For those of you that know me, by 11pm that same night, I had my own WEE-CHAT account and was instant messaging the family directly. We exchanged pictures and warm regards. After finally seeing the photos of Theo and reading our initial letter, they sent us a letter the next day addressed to Theo. I will not share all of it but here are a few lines which don’t translate perfectly but you will get the picture:
“Now we are a family of three and run the little restaurant, every day busy but we are very fulfilling, our eldest son now admitted to a good high school, but two weeks to go home once. We almost think of you every day, people often talk about you, that you are very lucky to have a pair so love your father and mother, in the United States take very good care.”

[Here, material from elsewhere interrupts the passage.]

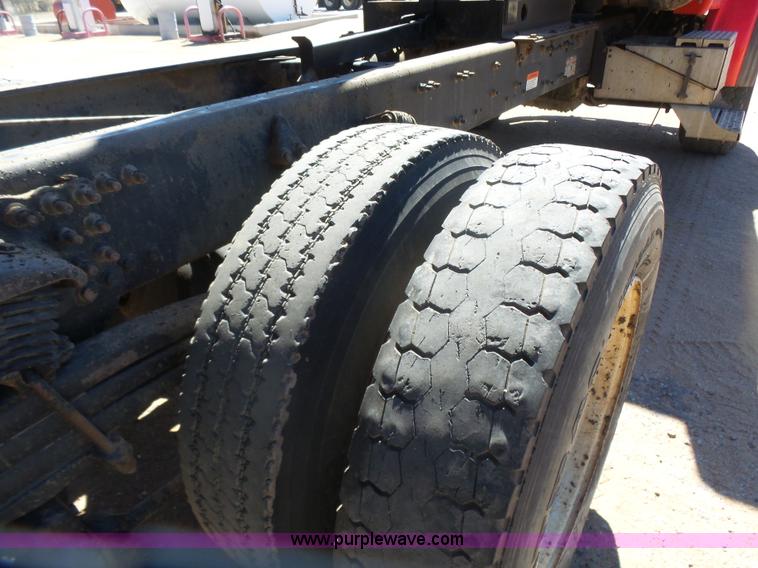 image for item L7377 2005 Sterling L9500 dump truck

While I know Theo doesn’t fully understand the miracles that continue to happen in his life and he would just prefer “another cheese stick please”, John and I look forward to telling him his story some day. The full story. The good, the bad, the hard, the redeemed, all of it! Because as much as I sometimes feel it is my story…it is not. It is his. And I will do everything in my power to give him truth. As much truth as I can find. I wish I could tell you we have found his birth family, but we have not. Maybe we never will, and maybe some day he will decide not to look. But something deep inside of me feels like they know he is safe, he is loved and maybe, just maybe those pictures of Theo made it to the market place where they will one day see his face and be able to know that their child is loved.
From a random park encounter to talking directly with the family in less than 12 hours. And while their are still lots of unanswered questions… I can rest now, knowing that we found them…AGAIN…and I can assure you, this time, we won't lose contact!